<<<A Arte da Caligrafia>>>
Quando Começou A Se Usar A Pena

A idéia de utilizar símbolos para representar e comunicar pensamentos e palavras foi uma das maiores obras da imaginação humana: pode-se dizer até que a invenção da escrita, mais do que qualquer outra idéia, tenha sido a que mais facilitou o desenvolvimento social e cultural.

Em alguns livros encontramos que na sociedade antiga o conhecimento da escrita mais do que um privilégio era uma função social, ligada à religião e à arte de governar.

 Não se sabe como nem quando se começou a escrever. Em diversos textos encontramos que alguns séculos anteriores a 3000 A.C os homens já escreviam e as primeiras formas seguramente foram pictóricas.

A escrita pictórica, hoje considerada o primeiro estágio da verdadeira escrita, consiste em seqüências de desenhos até que se forme uma narração ou um conjunto de idéias.

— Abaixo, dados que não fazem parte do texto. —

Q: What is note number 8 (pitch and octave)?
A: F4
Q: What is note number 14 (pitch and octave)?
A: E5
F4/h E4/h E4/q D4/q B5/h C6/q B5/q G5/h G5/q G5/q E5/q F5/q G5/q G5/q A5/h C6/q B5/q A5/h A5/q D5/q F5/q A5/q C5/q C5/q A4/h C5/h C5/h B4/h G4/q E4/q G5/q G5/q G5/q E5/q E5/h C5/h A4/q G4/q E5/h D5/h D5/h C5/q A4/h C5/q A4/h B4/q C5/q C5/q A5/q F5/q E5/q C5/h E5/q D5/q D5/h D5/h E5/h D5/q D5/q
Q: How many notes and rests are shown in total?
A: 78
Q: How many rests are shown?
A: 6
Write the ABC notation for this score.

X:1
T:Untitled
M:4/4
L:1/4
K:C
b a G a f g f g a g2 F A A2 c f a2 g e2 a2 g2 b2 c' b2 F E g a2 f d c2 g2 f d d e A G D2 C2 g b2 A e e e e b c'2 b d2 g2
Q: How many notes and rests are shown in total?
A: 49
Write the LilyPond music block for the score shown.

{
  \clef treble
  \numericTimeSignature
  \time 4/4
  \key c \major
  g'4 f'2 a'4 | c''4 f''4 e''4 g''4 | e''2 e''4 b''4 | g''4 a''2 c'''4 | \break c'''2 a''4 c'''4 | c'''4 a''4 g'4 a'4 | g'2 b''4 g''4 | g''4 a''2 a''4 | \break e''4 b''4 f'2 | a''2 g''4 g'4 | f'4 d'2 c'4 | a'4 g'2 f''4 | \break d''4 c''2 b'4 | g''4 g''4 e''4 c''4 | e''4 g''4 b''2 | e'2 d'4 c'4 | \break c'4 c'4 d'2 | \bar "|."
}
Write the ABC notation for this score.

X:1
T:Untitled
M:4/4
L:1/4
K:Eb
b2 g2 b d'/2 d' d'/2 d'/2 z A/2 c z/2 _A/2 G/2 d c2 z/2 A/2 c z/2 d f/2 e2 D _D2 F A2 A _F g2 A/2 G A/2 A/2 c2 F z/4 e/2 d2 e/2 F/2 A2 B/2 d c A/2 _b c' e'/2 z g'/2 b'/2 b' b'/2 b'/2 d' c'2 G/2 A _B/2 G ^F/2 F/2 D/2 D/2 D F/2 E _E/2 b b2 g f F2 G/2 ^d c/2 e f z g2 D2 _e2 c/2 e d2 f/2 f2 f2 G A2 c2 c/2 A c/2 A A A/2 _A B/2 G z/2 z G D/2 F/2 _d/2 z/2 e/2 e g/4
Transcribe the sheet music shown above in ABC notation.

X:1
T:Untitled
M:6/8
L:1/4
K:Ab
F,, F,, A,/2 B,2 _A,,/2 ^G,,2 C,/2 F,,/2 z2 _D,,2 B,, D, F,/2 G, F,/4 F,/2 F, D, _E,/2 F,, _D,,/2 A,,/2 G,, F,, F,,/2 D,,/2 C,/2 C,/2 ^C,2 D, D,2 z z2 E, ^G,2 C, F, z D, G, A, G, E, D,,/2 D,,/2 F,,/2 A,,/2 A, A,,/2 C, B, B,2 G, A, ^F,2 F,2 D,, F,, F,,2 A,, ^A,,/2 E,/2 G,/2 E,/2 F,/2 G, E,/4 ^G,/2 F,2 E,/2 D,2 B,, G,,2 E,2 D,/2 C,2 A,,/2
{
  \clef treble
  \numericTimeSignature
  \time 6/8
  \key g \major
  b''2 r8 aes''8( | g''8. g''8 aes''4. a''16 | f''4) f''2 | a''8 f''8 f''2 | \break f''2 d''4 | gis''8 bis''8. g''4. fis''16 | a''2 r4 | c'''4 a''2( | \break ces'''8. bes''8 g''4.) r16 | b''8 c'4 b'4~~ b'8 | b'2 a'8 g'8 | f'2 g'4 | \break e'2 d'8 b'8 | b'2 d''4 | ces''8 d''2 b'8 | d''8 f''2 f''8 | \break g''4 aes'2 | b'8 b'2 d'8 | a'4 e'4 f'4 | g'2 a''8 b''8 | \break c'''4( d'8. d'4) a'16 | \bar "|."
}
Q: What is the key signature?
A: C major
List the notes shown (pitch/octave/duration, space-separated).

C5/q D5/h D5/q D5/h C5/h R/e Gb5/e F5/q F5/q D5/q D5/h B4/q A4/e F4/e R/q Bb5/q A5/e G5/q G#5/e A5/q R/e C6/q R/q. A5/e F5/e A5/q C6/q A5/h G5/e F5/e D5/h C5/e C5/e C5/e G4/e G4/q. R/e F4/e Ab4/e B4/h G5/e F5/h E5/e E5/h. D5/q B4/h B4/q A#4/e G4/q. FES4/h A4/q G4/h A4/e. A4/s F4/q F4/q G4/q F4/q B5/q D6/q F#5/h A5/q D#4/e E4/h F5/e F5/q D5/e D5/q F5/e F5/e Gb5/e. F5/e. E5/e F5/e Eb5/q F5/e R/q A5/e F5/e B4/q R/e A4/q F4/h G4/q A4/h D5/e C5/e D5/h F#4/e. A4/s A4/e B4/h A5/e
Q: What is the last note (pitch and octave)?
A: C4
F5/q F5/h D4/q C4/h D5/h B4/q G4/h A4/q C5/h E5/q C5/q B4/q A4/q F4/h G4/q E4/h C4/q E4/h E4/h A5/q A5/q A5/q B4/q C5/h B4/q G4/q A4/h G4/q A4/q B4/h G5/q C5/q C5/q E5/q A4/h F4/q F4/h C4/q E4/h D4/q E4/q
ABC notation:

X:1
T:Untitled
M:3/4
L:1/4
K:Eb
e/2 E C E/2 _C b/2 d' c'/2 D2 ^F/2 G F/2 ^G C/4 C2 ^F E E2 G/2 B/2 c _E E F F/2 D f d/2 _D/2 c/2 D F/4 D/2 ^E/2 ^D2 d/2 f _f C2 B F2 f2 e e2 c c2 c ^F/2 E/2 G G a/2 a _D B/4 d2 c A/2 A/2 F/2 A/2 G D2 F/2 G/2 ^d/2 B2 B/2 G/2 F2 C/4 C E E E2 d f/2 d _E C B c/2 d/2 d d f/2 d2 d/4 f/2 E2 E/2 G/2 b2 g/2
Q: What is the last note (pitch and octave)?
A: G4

Da escrita pictórica passou-se à escrita ideográfica e depois à analítica, até a invenção do sistema fonético – primeiramente silábico e depois alfabético – que regeu a escrita mais simples, favorecendo a flexibilidade e reduzindo muito o número de símbolos necessários.

O alfabeto que utilizamos hoje veio dos etruscos e foi adquirido pelos romanos. Ao alfabeto etrusco os romanos adicionaram as letras gregas “Y” e “Z”, resultando num total de 23 letras. As letras “J”, “U” e “W” foram adicionadas na época medieval para acomodar mais valores fonéticos.

 
 
 
 
 
 
 
 
 
 

A escrita representa um meio universal de comunicação e caligrafar significa estar atento às regras de beleza e harmonia que governam a forma das letras.

 Mesmo os romanos tinham uma grande precisão ao desenhar e esculpir as letras da escrita oficial, tanto que ainda hoje a letra do tipo romano é uma das mais belas, legíveis e equilibradas.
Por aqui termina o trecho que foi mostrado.